Gas-sorption Flashcards
what is a gas-sorption isotherm?
a measurement of quantity of gas adsorbed onto the sample as a function of pressure, at a constant temp
relative pressure on the x axis, quantity adsorbed on the y axis
what are the pressures at which the different pore sizes are filled?
micro at low relative pressure
meso at medium relative pressure
macro at atmospheric pressure (approaching 1)
why are both H2 and N2 used for gas-sorption?
N2 has more vdw so more heat of adsorption so adsorbs more strongly than H2 in bigger pores
H2 fills the small pores so N2 won’t be adsorbed in the pores
what does the sorption of gases depend on?
- the porosity of the sample = the amount of available surface for adsorption and if the gas molecule can fit through the pores
- the strength of interaction between the gas and the surface
- the temperature - the rigidity/flexibility
- more pore channels = they’re more accessible to nitrogen for higher adsorption - MUST BE accessible porosity though (internal)
how does crystal packing affect different sorption behaviour?
the different crystal packing - a higher density polymorph (connected voids) vs a lower density (non-connected voids) give different sorptions
How do crystallisation conditions affect the porosity?
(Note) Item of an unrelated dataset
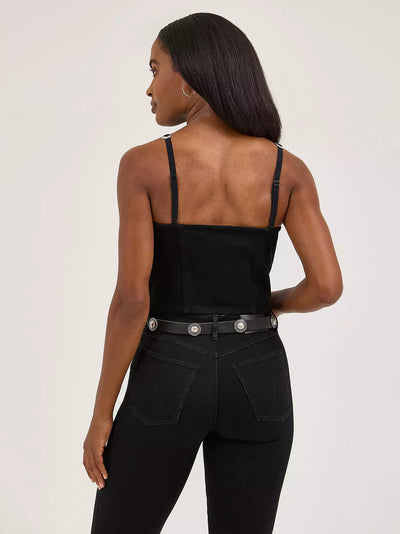 Wrangler Women's Concho Strap Denim Tank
rapid, forced crystal growth forms imperfect crystals and defects which can actually increase the SA as there’s more accessible surface area, pore volume, and less mass
what is the benefit of co-crystallising cages?
gives lots of unique cages with each cage having unique gas-sorption properties
allows for control of properties such as surface area and pore size
however it’s only possible bc cages are soluble small molecules and a driving force is needed
what is a driving force of co-crystallisation?
if the cages have helical chirality and are flexible they can switch between the isomers and form a racemic mixture
if the cages are rigid then a homochiral cage can be made
the opposite chiralities of cages may fit together better (more favourable packing) and be a driving force for co-crystallisation e.g. R completely surrounded by S
give an example of bimodal pore size
narrow pores run through the inside of the cages
wider pores run between the pillars of tubular cages that separate the layers of tetrahedral cages
How can controlling precipitation conditions control the sorption properties?
controlling temp and rate of addition can control size, shape, and crystallinity of the crystals
can also be used to grow crystals inside other support materials (beads/films)
applications of porous organic cages for shape separations?
can be packed into separation columns or coated inside gas chromatography columns, since they’re soluble
can then separate isomers and similar molecules that can’t normally be separated by just distillation
applications of porous organic cages for size separations?
Xenon gas fits favourably in a porous organic cage (CC3) and a packed column of the cage was able to separate it from the other components of air
SF6 can also be separated
applications of porous organic cages for porous liquids?
1) adsorbing a gas (Xe) or trapping a molecule in the cage
2) cages dissolved in a solvent that won’t fit through the windows
3) then a fluid to adsorb/compete with guests to release the gas from the cage cavities
4) can be pumped around a system for filtration